Je ne pense pas qu’ils soient dans une logique économique avec l’entité sioniste. C’est peut-être le cas de quelques-uns, mais c’est plus par calculs géopolitiques et aussi par cette incapacité à réagir proprement du fait qu’ils sont aussi surpris par cette guerre.
 

-Est-ce que les enjeux énergétiques peuvent expliquer la volonté d’Israël d’expulser les Palestiniens de Ghaza, récupérer les Territoires ainsi conquis et s’assurer de pouvoir mener sans risque des explorations offshore en Méditerranée orientale ?

Ça peut être ça du fait que la région est une zone riche en gaz, mais il y a aussi le projet du nouveau Corridor économique devant relier l’Inde à l’Europe, qui va directement concurrencer l’Initiative de la Ceinture et Route de la soie de la Chine. Il y a aussi la volonté de faire concurrence au canal de Suez en devenant un hub énergétique et logistique. D’ailleurs la destruction de toutes les infrastructures portuaires de la région (Liban, Syrie, etc.) n’est pas une coïncidence à tout cela pour laisser libre la position aux ports de l’entité sioniste comme seules voies d’issue vers la mer méditerranéenne et au-delà.
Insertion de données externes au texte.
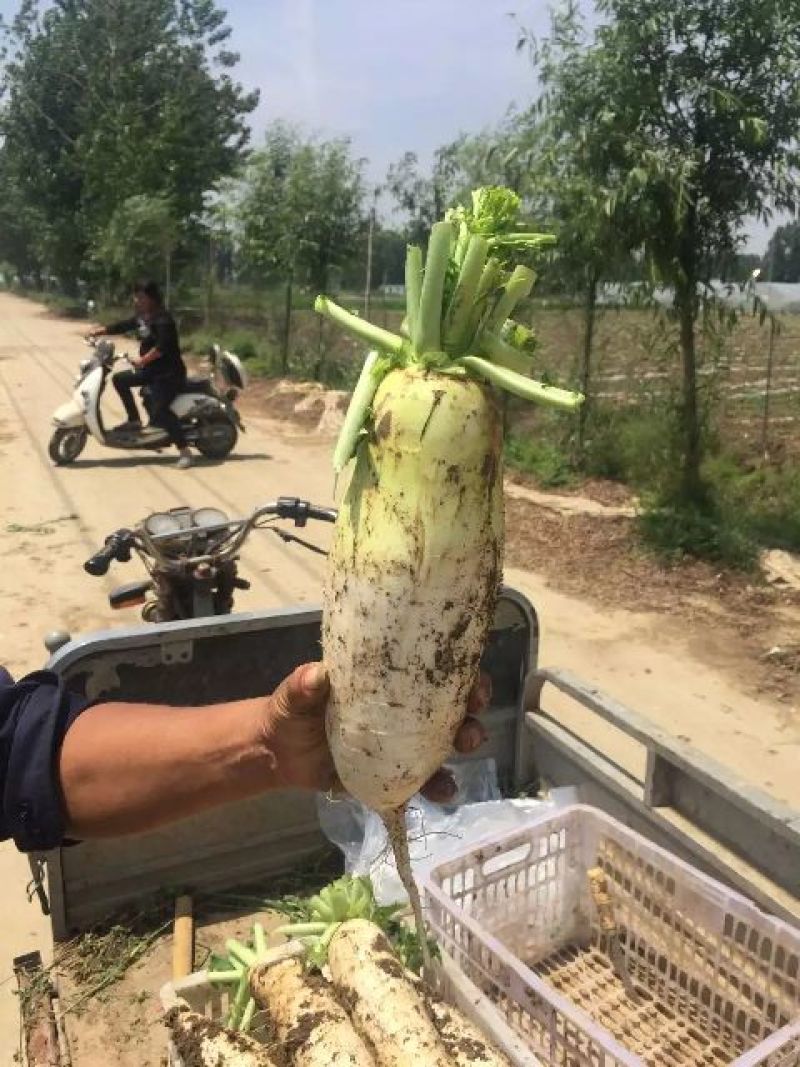 青头萝卜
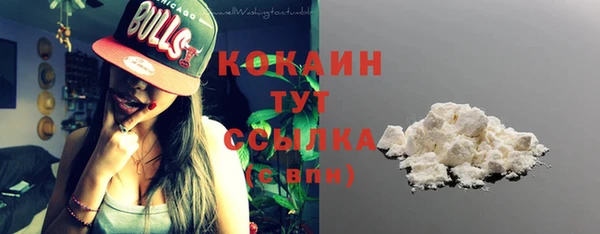 гидра Бородино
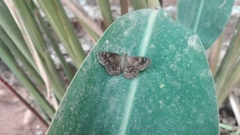 Staphylus ascalaphus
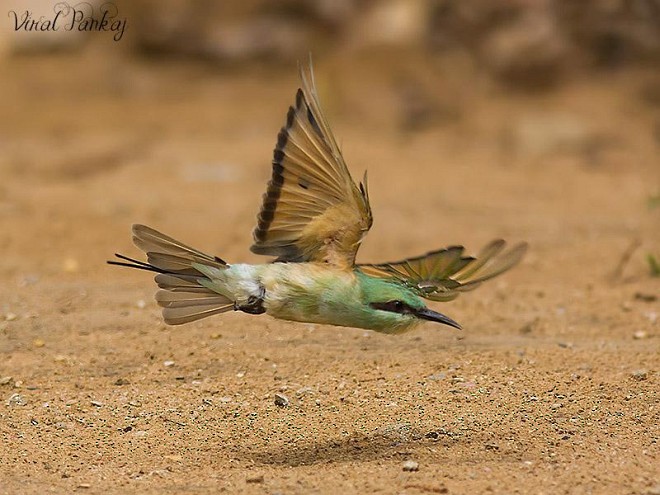 Asian Green Bee-eater - ML379642901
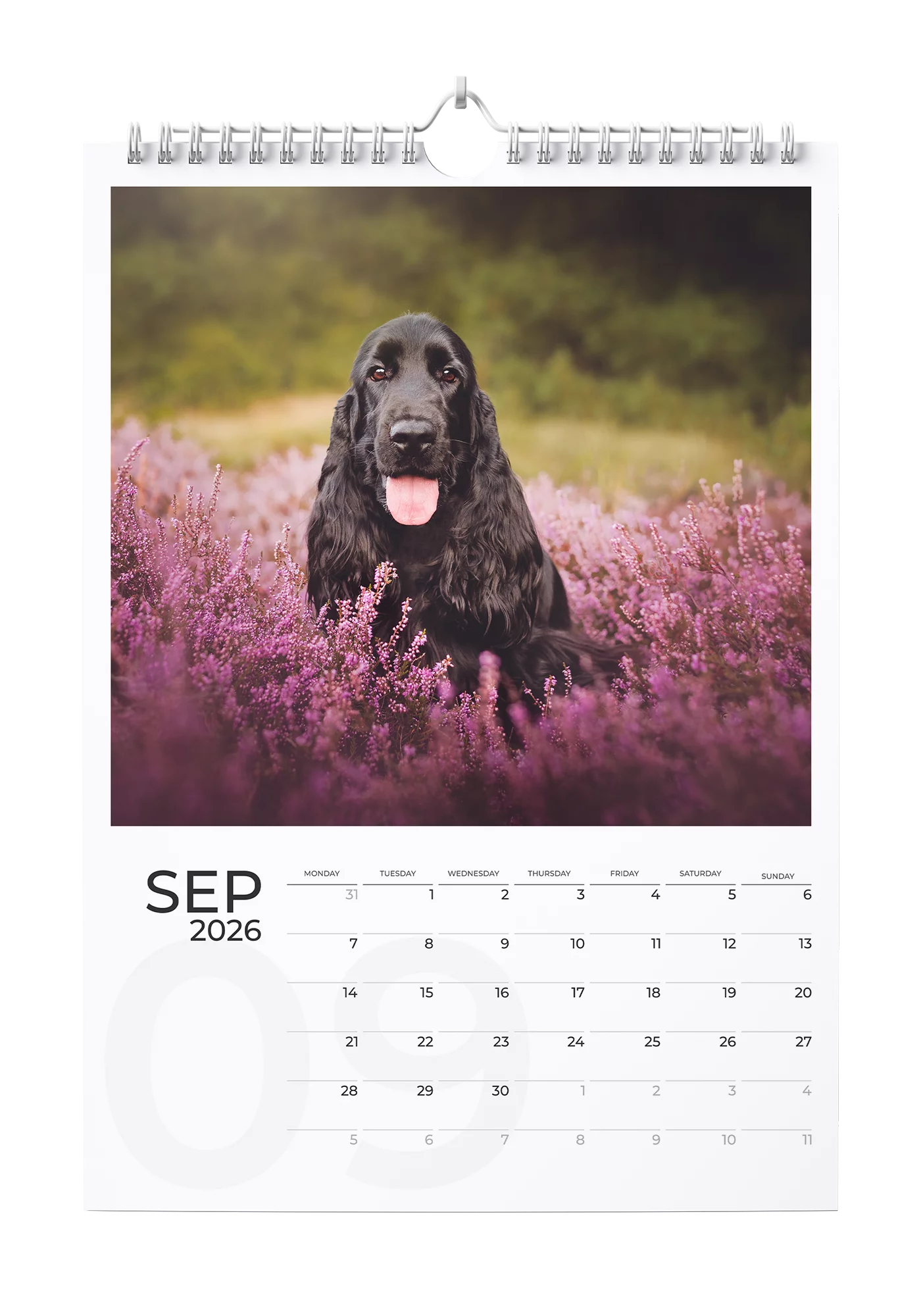 English Cocker Spaniel Calendar 2026 - September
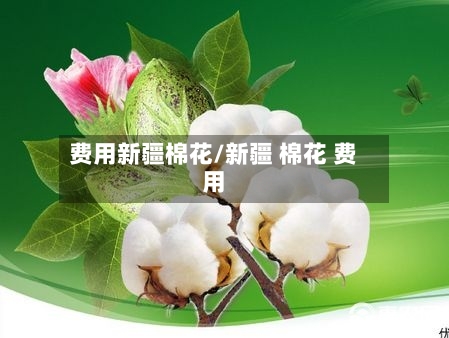 费用新疆棉花/新疆 棉花 费用-第2张图片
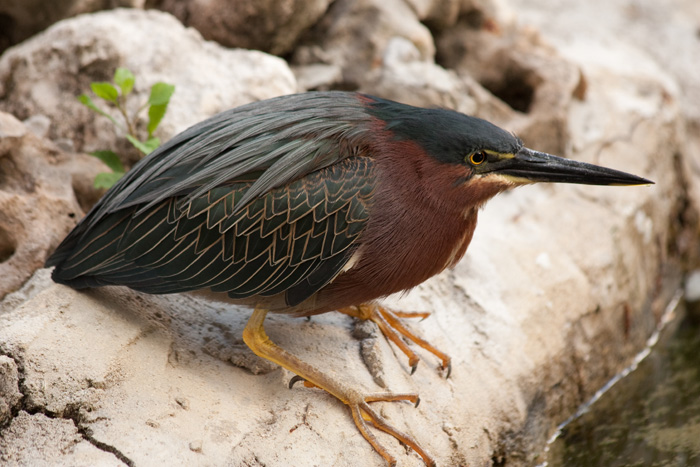 pajaro8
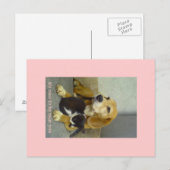 Carte Postale agréable (Devant / Derrière)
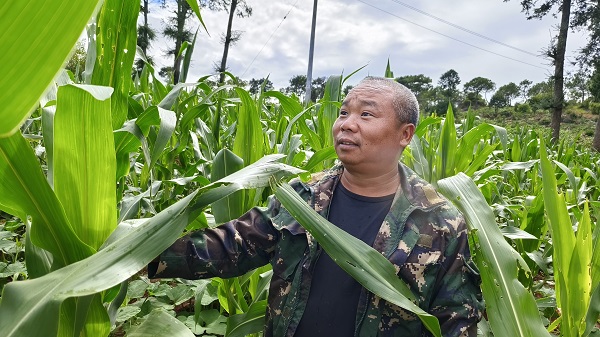 白云天在地里查看玉米长势。侯秋强摄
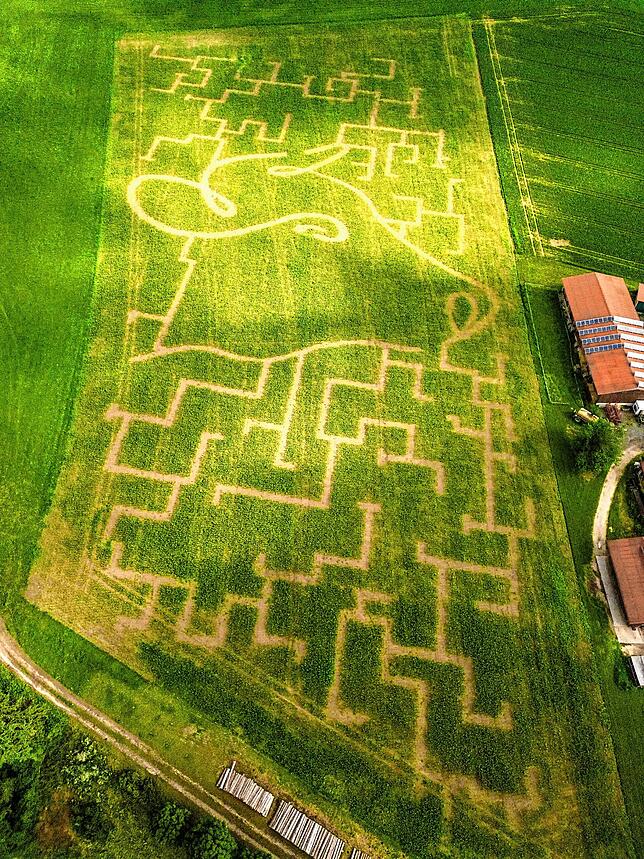 Wo ist der Ausgang? So sieht das Labyrinth von oben aus.
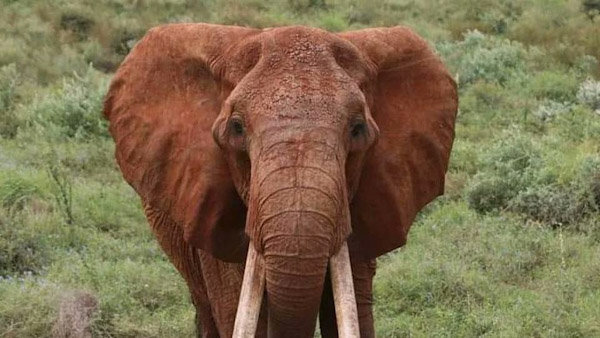 Muere elefanta con colmillos más largos en Kenia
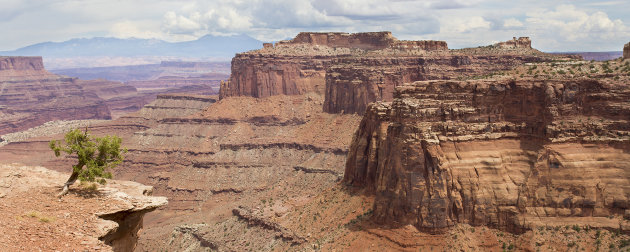 Canyonlands N.P.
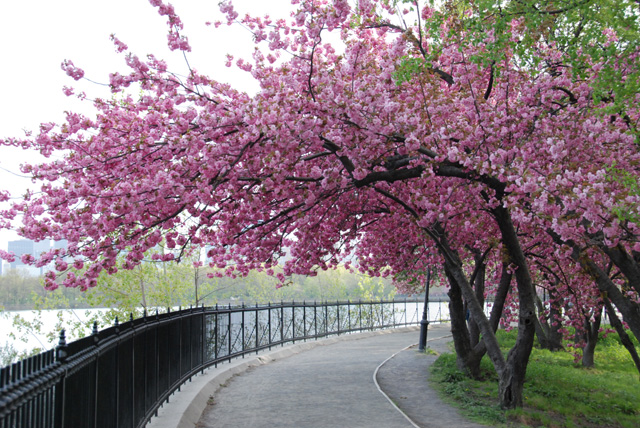 central park cherry blossoms.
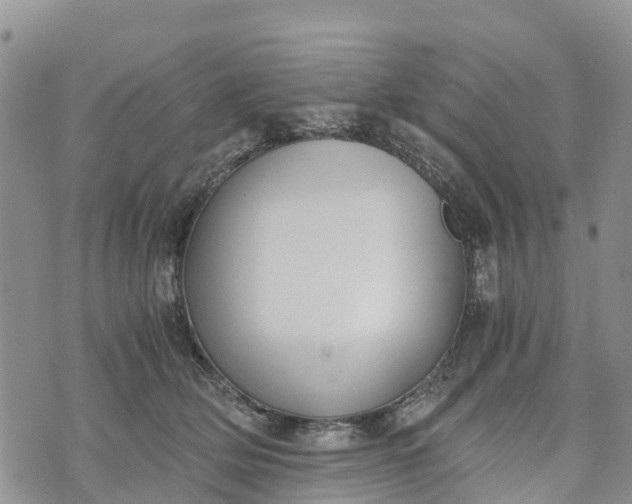 X0000073450514200608111353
Il ne subsiste actuellement que le port de Haifa, après le bombardement de Lattaquié (Syrie), l’explosion de celui de Beyrouth et récemment la prise en main par l’armée israélienne du port de Ghaza.
 

-Le chef du PNUD a estimé que les implications de la gigantesque crise économique à venir pour la Palestine seront «générationnelles».  Qu’en pensez-vous ?

Sans aucun doute que cette terrible guerre et cette tragédie auront des effets à long terme sur l’économie palestinienne. Déjà, la reconstruction de Ghaza serait un challenge énorme et par la suite la relance de l’économie se fera avec beaucoup de difficultés. Surtout que les opérations de colonisation se sont intensifiées ces derniers temps.

Le Washington Post a révélé dimanche que l’agression contre Ghaza ne pourra pas durer plus de trois mois. La raison : le nombre important de réservistes retirés du marché du travail fragilise une économie déjà désorientée. 

-Quel est votre avis ?

Effectivement, aller dans une guerre longue aurait des répercussions destructrice sur l’économie de l’entité sioniste, ce qui va causer un déséquilibre structurel sur les marchés du travail et aussi de la place financière. D’ailleurs, beaucoup d’investisseurs sont devenus réticents au marché et ne souhaitent pas, du moins à court terme, continuer à investir dans des projets en lien avec l’économie de l’entité sioniste pour le risque élevé d’une dégradation de la situation sécuritaire avec un impact direct sur la monnaie ainsi que sur les titres financiers.